Memorial Hall was crowded on that chilly late-fall night, as it often was for events in the popular Artist Lecture Series. During the 1961-62 school year alone, the series attracted historian and journalist William L. Shirer, poet Ogden Nash and author Aldous Huxley, among a handful of others. The December speaker didn’t exactly stand out in that company. The CEER yearbook would later identify him simply by name and occupation: “minister.”
Dr. Martin Luther King Jr. had not yet written his Letter from Birmingham Jail, nor delivered his I Have a Dream speech, and he was three years to the day from being awarded the Nobel Peace Prize. Still, for some in the audience, the man who stepped to the podium on Dec. 10, 1961, was already a heroic figure. And the experience of hearing him eloquently make the case for racial equality, social justice and nonviolent resistance made that evening a seminal moment in their lives.

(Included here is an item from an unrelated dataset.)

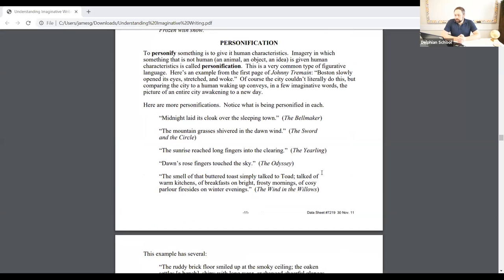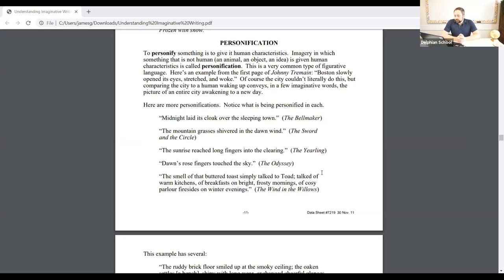To personify something is to give it human characteristics. Imagery in which something that is not human — an animal, an object, or an idea — is given human characteristics is called personification. This is a very common type of figurative language. Here's an example from the first page of Johnny Tremain: 'Boston slowly opened its eyes, stretched, and woke.' Of course, the city couldn't literally do this. But comparing the city to a human waking up conveys, in a few imaginative words, the picture of an entire city awakening to a new day — communicating in a few words the city waking up just like a person wakes up at the start of the day.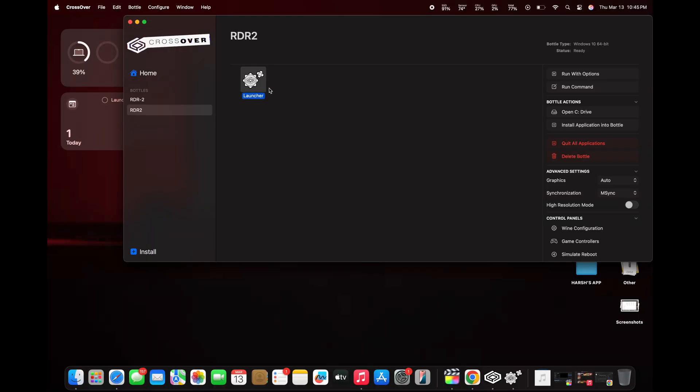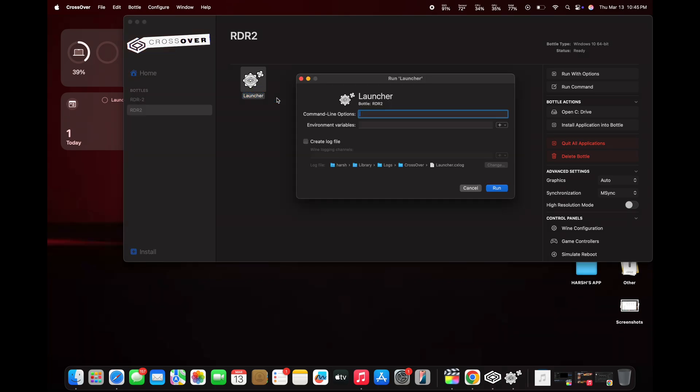If you want to enable the Metal HUD, force quit the game and follow the necessary steps as demonstrated. Otherwise, you're all set to start playing. Enjoy the game!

Dennis Short ’64 (M.A. ’85) and Mark Messer ’62 are two such people.
As student chairman for the Artist Lecture Series, Messer played a key role in bringing King to campus. He had learned about the emerging civil-rights leader from articles by Glenn Smiley, who worked on the Montgomery bus boycott, and by reading King’s recently published book Stride Toward Freedom.
“I devoured that book,” said Messer, Ph.D., who is retired from a faculty position at UC Santa Cruz and still lives in that city. “King’s work and thoughts on nonviolence and social action helped channel the direction of my undergraduate study” – courses in ethics and philosophy with Dr. Bert C. Williams ’35, and in religion with Professors Guy Davis, Ron Huntington and James Christian.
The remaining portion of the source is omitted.